In a statement, the IMF said that Agustin Carstens, the head of Mexico's central bank, will meet with the agency's executive board on Tuesday. French Finance Minister Christine Lagarde will be interviewed on Wednesday.
Lagarde is considered the front-runner for the position to succeed former IMF Managing Director Dominique Strauss-Kahn, who resigned last month after he was charged with sexually assaulting a New York hotel maid, an allegation he denies.
The IMF said that its 24-member executive board will meet on June 28 to pick a new managing director with the aim of completing the process by June 30.
The IMF said that Carstens and Lagarde will be able to present their views on issues facing the IMF during their separate meetings with the board. Their prepared statements will be posted on the IMF website following their interviews. The two candidates will also meet in the coming week individually with the 24 officials who sit on the IMF board.

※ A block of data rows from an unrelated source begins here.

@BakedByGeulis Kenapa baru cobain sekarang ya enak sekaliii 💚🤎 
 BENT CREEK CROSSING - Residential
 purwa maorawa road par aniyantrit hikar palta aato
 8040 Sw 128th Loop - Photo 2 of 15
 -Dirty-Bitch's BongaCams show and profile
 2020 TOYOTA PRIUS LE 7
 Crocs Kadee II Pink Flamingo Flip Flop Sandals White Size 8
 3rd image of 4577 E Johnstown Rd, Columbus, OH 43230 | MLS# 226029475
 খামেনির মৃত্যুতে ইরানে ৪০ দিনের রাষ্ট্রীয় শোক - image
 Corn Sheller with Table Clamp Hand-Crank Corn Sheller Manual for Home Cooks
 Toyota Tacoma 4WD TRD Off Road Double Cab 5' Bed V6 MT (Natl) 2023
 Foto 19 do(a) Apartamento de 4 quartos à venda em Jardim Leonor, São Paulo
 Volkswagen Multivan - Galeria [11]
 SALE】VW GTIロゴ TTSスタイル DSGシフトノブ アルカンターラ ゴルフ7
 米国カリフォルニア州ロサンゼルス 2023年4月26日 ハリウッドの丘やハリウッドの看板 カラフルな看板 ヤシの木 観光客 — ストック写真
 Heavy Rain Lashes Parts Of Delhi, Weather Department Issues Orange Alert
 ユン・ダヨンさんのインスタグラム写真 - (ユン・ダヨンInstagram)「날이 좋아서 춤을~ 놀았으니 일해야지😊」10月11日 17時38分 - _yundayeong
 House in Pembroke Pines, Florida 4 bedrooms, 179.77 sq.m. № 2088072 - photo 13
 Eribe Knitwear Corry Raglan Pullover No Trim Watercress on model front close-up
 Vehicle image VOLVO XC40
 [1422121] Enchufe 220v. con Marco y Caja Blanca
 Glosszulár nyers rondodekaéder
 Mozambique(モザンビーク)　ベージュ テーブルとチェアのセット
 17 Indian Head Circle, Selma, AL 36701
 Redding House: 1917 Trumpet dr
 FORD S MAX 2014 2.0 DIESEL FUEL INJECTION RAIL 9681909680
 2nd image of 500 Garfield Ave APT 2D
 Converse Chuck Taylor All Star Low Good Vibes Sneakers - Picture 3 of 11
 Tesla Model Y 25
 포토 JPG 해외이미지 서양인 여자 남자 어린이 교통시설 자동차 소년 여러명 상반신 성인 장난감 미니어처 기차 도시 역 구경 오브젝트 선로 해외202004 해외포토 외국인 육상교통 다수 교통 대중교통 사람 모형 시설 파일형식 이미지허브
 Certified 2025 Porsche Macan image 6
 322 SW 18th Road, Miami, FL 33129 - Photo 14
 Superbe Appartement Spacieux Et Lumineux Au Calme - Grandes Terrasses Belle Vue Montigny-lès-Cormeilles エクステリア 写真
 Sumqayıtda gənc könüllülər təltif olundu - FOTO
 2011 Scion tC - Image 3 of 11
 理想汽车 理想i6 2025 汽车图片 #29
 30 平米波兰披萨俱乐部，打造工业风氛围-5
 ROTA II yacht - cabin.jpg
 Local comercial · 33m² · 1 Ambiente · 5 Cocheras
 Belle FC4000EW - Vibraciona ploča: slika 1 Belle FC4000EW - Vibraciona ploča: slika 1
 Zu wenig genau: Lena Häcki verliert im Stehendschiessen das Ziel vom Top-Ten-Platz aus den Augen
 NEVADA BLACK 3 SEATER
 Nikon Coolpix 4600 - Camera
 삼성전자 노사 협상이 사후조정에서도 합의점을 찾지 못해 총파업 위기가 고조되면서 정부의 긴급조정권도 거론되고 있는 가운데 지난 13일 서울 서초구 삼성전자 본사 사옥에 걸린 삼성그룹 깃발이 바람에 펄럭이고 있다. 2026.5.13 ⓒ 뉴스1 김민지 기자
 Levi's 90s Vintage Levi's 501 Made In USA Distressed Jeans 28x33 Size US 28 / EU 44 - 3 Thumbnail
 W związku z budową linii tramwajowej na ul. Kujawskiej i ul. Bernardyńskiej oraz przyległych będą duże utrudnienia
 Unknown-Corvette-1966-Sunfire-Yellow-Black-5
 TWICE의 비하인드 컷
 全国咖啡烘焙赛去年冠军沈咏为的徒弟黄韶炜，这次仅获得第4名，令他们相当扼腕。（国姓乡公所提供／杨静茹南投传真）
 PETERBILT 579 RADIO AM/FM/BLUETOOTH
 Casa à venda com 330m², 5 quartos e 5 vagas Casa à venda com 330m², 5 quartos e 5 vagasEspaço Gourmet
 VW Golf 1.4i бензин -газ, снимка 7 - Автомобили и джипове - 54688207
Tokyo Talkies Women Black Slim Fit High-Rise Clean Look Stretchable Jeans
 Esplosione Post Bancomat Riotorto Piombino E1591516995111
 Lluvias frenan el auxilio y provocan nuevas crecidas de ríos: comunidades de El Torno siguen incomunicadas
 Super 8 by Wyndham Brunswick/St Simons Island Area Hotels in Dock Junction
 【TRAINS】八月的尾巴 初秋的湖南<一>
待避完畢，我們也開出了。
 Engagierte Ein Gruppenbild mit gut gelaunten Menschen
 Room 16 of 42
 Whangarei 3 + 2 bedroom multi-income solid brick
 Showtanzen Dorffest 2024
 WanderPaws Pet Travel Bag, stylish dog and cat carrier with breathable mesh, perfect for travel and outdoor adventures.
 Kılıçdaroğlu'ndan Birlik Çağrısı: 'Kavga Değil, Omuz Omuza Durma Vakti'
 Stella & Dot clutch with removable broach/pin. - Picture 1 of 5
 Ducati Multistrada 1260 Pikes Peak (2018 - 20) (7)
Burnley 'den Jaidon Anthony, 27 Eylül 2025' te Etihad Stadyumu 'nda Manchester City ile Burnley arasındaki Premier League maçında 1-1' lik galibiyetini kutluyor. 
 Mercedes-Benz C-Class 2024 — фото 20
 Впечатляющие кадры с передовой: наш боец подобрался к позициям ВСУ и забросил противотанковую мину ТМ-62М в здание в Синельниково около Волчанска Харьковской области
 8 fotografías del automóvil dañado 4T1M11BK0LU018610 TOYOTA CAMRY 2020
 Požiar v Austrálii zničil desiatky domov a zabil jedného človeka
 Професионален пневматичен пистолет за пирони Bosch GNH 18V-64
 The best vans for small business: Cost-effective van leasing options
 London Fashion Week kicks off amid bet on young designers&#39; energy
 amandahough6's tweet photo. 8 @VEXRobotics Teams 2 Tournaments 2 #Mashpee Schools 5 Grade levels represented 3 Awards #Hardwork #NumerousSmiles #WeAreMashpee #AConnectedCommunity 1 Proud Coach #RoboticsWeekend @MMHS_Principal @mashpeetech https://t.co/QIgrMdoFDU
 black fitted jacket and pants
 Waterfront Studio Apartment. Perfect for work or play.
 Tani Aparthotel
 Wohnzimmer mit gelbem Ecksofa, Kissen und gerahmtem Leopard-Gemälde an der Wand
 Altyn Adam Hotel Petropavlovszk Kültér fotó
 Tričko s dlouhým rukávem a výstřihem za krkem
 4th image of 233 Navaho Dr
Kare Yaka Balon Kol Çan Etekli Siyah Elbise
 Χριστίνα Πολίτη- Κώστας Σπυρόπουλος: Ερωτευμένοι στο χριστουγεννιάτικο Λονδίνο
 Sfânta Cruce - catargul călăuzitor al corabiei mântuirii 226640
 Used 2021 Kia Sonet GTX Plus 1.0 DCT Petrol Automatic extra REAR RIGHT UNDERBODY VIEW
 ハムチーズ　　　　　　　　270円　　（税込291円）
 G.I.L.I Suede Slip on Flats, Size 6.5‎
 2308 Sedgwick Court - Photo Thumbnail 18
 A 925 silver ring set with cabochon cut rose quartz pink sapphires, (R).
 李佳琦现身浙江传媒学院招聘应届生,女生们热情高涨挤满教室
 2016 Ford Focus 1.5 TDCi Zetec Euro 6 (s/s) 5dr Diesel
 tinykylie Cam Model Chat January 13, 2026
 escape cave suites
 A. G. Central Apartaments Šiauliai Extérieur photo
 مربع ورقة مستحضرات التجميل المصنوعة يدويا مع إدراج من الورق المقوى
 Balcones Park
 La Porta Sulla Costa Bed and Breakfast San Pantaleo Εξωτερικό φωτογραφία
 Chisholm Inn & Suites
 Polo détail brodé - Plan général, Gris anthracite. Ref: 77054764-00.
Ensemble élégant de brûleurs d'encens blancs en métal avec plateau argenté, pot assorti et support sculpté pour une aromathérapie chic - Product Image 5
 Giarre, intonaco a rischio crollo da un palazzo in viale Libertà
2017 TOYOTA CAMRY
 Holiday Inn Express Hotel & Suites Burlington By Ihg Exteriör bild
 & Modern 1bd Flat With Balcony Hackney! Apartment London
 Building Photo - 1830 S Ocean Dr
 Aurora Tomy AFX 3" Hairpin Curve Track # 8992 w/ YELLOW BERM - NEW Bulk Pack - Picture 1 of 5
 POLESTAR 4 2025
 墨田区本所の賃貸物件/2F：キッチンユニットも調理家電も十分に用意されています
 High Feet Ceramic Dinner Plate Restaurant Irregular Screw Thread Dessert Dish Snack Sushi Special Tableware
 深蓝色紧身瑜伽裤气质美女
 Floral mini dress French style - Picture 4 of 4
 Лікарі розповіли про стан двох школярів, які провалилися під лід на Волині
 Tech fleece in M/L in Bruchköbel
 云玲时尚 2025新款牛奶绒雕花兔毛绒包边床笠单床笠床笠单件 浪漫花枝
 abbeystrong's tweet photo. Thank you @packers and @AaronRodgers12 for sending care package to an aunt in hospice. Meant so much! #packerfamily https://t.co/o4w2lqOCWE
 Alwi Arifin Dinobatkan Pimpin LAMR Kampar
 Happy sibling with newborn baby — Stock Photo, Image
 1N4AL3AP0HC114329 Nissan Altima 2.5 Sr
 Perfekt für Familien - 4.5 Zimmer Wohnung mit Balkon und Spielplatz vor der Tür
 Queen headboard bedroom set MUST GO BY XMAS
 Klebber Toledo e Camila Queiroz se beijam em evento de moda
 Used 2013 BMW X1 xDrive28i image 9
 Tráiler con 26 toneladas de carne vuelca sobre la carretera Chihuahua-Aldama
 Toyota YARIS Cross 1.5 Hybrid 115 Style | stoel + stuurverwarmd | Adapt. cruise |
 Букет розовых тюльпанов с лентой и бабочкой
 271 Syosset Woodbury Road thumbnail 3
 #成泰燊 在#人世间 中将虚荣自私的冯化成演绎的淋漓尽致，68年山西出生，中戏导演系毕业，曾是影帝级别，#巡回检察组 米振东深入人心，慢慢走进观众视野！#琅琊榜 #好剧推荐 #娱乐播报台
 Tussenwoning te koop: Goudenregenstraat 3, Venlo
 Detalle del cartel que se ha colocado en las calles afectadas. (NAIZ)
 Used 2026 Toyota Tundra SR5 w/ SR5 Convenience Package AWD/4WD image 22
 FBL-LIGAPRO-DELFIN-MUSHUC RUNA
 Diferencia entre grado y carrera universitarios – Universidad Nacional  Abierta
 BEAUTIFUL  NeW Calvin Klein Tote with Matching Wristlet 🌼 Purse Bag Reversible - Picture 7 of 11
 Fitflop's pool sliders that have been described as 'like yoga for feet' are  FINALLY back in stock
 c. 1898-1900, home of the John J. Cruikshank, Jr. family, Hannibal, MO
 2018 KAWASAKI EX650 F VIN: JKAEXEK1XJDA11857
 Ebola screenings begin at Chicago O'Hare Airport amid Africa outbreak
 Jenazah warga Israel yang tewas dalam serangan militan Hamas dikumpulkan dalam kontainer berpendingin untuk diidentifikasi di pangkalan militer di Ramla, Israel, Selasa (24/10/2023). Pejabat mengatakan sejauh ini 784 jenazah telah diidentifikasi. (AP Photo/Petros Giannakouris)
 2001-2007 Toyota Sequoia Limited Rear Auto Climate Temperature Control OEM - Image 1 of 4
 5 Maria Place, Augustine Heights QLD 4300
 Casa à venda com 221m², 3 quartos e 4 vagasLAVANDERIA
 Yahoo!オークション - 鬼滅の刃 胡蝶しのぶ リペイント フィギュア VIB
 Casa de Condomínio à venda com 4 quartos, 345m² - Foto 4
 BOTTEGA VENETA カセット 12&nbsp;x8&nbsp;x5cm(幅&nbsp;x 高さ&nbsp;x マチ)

Carstens, who was in Washington last week, met with Treasury Secretary Timothy Geithner, who is expected to meet this week with Lagarde. The United States, which controls the largest number of voting shares at the IMF, has yet to endorse a candidate.
In an interview last week, Carstens said that he knows he faces an uphill battle against Lagarde, who has received solid backing from European nations. But he argued that he is the more qualified candidate and that it is time to break the tradition of always having the IMF headed by a European.
The IMF's sister lending institution, the World Bank, has always been headed by an American. The two organizations were created following World War II.
Lagarde is a lawyer by training while Carstens holds a doctorate in economics from the University of Chicago.
China, India and Brazil, three fast-growing emerging market countries, have also argued that the IMF process for choosing its leader should be more open. But none of those nations has so far come out in support of Carstens.